When her best friend, Mina, is murdered, everyone thinks Sophie’s past addiction to Oxycontin is the cause. After a short stint in rehab, it’s up to Sophie to discover the truth behind Mina’s murder. With every step, Sophie comes closer to revealing all: about herself, about Mina, and about the secret they shared. “Part murder mystery, part forbidden romance, this lovely novel is both chilling and poignant … The nail-bitingly tense action kept me up reading until late in the night, and the thrilling conclusion didn’t disappoint,” said Emily Ring of Inklings Bookshop in Yakima, Washington.
What inspired you to write this book?
Tess Sharpe: Far From You didn’t really have a core inspiration. It was more of a bunch of things I knew I wanted to write about, and when I put them together in my brain blender, Sophie and Mina came out. My only clear notion was I wanted to write about the different kinds of love: how messy it can get, how it twists you up and screws you over, how complicated and painfully joyous it can be, and how love can mirror — and sometimes be as harmful as — addiction.
What advice would you give a young adult interested in writing?
TS: The two obvious things: read a lot and write a lot. I’d also say: Live a lot. Love a lot. Do a lot. Feel and rage and cry and laugh and keep yourself open to possibilities and change. It’ll inform your work.
What is your earliest memory related to reading?
TS: Sitting on the arm of my Gramz’s Lay-Z-Boy, listening to her read me The Moffats by Eleanor Estes out loud. I was probably six or seven. She read me the opening sentence of the book and then turned to me and said: “Tess, you must always start your stories with something attention grabbing.” It’s still the best writing advice I’ve ever gotten.
Why do you think Young Adult fiction is so important?
TS: YA is such a transformative category. There is no other time in a person’s life when fiction can change you the way it can when you’re young — when it can leave its mark on you so deeply that it can save your life. Finding yourself and your strength in other people’s words tells you that it’s gonna be okay, that other people feel this way, go through this and survive, so you can, too. That’s a powerful thing to have at any age, but especially as a teen, when it can feel like the entire world is working against you, not with you.
You blog about women and LGBT rights and YA fiction. Do you feel that women and LGBT are equally and accurately portrayed in YA?
TS: I think we’re making progress, but, as in society, there’s a lot of room for improvement, acceptance, expansion, and diversity of characters, cultures, and situations. There are still a lot more books about gay boys than gay girls, and definitely not enough books exploring the teen trans experience. It’d be great to see more books featuring non-binary or genderqueer characters, as well as asexual and bisexual characters.
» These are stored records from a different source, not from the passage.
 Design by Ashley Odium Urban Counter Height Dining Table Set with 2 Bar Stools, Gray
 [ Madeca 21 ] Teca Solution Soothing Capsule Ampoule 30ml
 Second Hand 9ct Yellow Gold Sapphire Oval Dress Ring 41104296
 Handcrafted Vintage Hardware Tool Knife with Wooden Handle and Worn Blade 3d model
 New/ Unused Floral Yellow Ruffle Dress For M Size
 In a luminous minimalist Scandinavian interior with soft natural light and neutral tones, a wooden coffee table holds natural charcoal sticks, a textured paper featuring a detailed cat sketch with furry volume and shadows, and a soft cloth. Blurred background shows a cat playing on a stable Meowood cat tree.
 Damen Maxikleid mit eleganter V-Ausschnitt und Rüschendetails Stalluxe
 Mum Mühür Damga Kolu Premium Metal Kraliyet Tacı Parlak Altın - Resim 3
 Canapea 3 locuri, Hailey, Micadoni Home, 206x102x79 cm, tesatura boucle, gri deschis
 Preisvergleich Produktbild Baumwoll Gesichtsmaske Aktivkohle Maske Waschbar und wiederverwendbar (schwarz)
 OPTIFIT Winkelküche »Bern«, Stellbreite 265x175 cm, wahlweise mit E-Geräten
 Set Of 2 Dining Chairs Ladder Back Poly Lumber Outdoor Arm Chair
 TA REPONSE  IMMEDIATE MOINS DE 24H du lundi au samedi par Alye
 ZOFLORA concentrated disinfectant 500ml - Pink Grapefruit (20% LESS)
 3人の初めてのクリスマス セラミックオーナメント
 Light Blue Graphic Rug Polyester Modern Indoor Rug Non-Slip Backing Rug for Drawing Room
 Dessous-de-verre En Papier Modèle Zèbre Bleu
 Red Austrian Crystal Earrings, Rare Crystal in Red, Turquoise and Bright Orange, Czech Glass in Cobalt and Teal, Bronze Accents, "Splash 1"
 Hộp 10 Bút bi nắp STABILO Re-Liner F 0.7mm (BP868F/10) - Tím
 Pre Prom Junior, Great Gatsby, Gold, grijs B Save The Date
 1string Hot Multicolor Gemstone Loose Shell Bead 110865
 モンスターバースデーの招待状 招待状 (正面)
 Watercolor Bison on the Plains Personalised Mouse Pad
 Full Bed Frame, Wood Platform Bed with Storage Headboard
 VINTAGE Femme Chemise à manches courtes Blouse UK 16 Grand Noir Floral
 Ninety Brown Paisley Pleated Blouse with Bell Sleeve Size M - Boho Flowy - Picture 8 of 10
Representation matters, and every kind of teen deserves to be able to find a character like them in the YA section. I do consider myself lucky, though — I was a teenager when a lot of the groundbreaking LGBT books came out by authors like Malinda Lo, Brent Hartinger, Julie Anne Peters, and Alex Sanchez. To be able to see the expansion of LGBT YA in the last decade has been wonderful.
If you were a bookseller, is there a book you would say YA readers just have to read?
TS: Okay, I’m gonna cheat and name two: I Am the Messenger by Markus Zusak and Speak by Laurie Halse Anderson.
If you were stranded on a desert island, what three titles would you want to have with you?
TS: A Town Like Alice by Nevil Shute, The Princess Diaries (Book 1) by Meg Cabot, and I Am The Messenger by Markus Zusak.
Are you working on anything now?
TS: I am hard at work on my second book for Hyperion, but I’m not sure if I’m allowed to tell y’all what it’s about yet!